= TASK STATEMENT =
Reproduce exactly, and only, the lines of the material below running from the line bearing "Luciana photo 1" through the line bearing "G Shaped Rgb". Leave any pictures out.

= WORKING DATA =
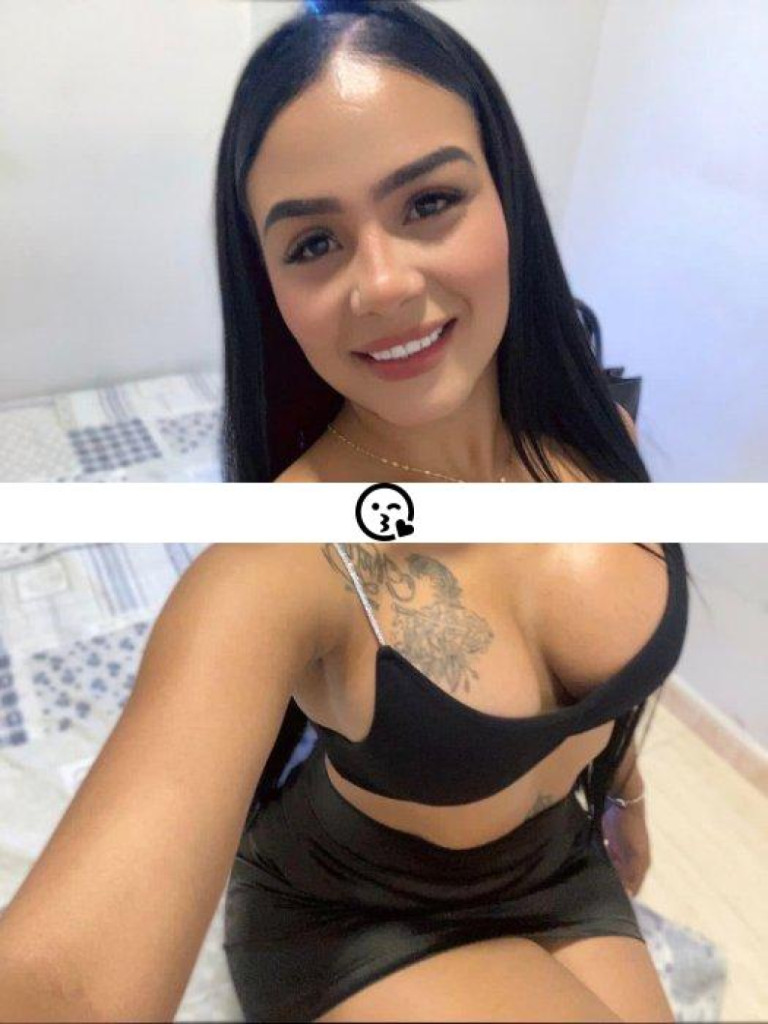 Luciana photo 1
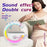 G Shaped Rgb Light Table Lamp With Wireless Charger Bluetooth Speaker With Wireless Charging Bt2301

==

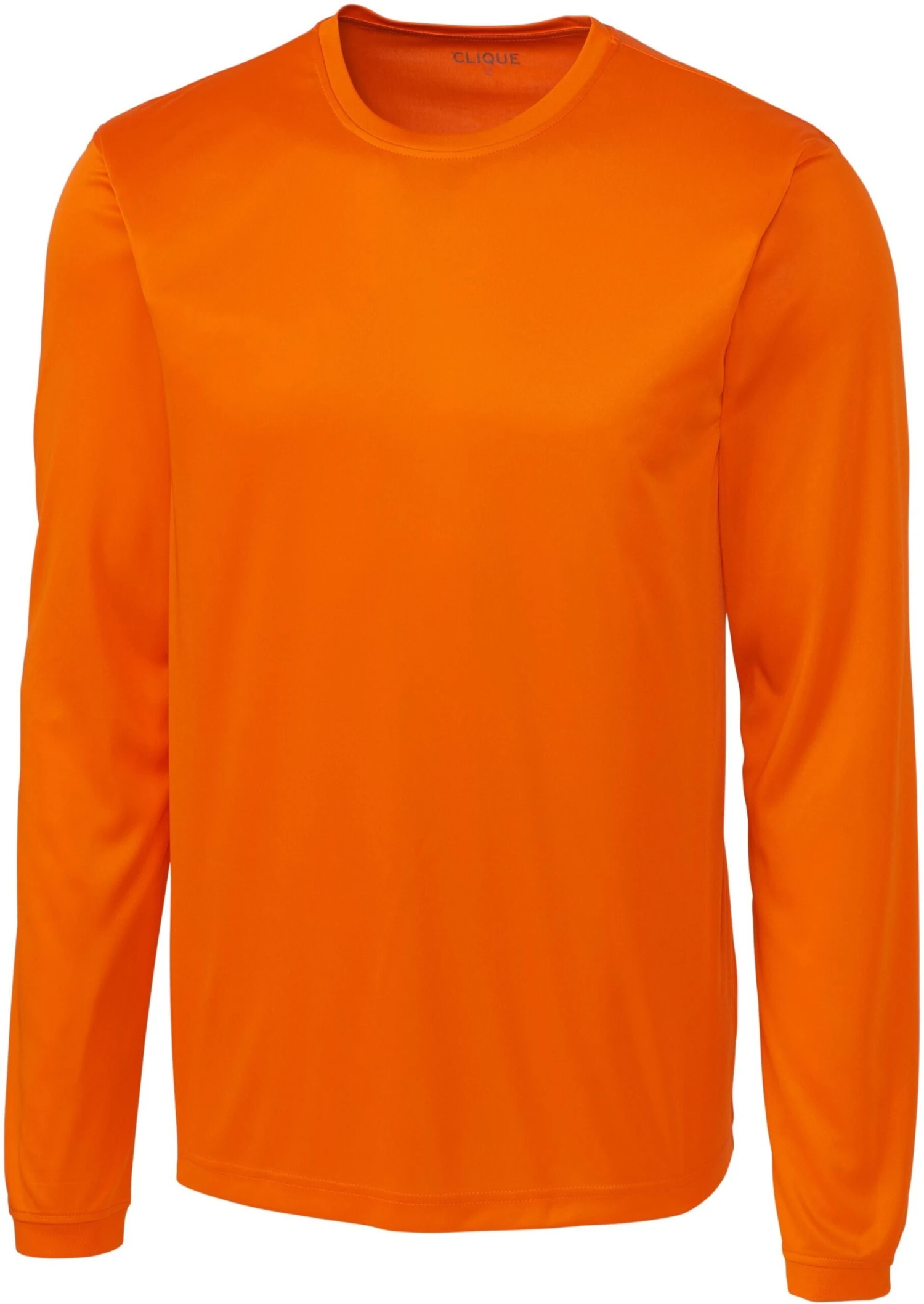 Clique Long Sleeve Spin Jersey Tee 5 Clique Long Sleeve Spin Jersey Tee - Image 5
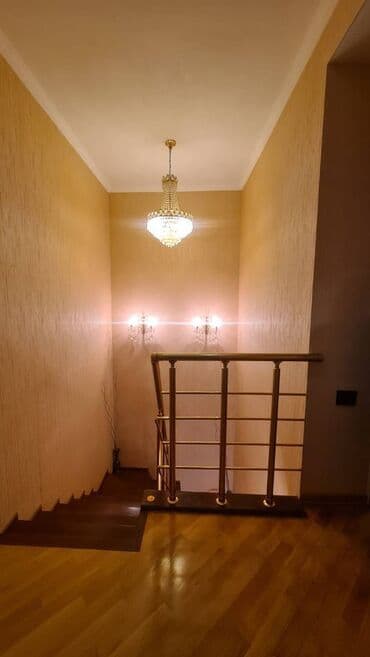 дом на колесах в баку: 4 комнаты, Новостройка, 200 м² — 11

= ANSWER TO THE PROBLEM =
 Luciana photo 1
 G Shaped Rgb Light Table Lamp With Wireless Charger Bluetooth Speaker With Wireless Charging Bt2301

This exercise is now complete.